## WORK REQUEST
Would you please transcribe the records below from the line with "4682 Centaurus CIR NAPLES, FL 34120" through their final line, exactly and with no other lines?

Records from a data source:

------------------------------------------------------------------------

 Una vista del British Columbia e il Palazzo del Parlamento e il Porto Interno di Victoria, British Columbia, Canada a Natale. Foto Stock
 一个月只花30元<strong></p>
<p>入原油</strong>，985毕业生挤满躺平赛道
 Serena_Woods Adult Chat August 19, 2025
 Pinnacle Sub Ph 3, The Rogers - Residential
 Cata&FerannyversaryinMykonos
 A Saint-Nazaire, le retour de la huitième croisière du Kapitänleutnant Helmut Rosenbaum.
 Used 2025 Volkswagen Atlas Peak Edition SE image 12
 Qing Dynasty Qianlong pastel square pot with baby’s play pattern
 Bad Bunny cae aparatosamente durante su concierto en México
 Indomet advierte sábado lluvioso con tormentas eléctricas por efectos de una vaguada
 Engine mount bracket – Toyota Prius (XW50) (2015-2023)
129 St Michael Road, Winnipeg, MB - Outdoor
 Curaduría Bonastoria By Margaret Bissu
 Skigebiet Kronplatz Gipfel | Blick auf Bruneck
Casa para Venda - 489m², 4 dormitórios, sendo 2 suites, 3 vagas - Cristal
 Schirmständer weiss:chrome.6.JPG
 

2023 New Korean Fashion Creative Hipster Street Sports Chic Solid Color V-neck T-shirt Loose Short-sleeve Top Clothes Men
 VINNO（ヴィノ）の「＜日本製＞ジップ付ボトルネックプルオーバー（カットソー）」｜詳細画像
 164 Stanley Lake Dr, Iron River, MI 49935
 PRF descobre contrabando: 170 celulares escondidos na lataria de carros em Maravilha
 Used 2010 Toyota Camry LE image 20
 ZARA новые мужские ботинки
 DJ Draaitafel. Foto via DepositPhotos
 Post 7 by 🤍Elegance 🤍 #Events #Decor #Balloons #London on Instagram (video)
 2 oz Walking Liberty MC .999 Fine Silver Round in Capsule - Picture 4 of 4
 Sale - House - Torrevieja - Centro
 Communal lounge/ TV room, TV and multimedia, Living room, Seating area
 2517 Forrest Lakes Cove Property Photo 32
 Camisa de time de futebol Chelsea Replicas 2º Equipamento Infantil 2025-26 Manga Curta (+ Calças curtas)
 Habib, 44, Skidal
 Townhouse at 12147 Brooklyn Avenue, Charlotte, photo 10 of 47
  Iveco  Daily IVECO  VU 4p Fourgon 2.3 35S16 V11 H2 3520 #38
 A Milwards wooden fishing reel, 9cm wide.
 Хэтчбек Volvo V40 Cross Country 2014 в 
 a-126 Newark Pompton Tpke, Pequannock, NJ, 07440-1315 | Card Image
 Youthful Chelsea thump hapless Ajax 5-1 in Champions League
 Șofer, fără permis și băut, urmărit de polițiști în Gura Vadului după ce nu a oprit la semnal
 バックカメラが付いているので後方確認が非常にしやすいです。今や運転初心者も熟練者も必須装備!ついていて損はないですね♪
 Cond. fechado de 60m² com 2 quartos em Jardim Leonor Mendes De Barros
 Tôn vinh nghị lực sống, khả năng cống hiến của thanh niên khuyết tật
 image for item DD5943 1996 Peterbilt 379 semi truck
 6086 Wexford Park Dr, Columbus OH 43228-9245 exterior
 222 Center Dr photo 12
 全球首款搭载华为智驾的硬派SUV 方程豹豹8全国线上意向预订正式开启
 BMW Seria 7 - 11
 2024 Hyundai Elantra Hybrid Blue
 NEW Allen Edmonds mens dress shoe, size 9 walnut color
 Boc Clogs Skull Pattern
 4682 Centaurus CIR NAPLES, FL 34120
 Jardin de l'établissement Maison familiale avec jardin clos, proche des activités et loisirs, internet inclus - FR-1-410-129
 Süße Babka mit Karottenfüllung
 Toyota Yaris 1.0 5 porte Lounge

------------------------------------------------------------------------

## OUTPUT
 4682 Centaurus CIR NAPLES, FL 34120
 Jardin de l'établissement Maison familiale avec jardin clos, proche des activités et loisirs, internet inclus - FR-1-410-129
 Süße Babka mit Karottenfüllung
 Toyota Yaris 1.0 5 porte Lounge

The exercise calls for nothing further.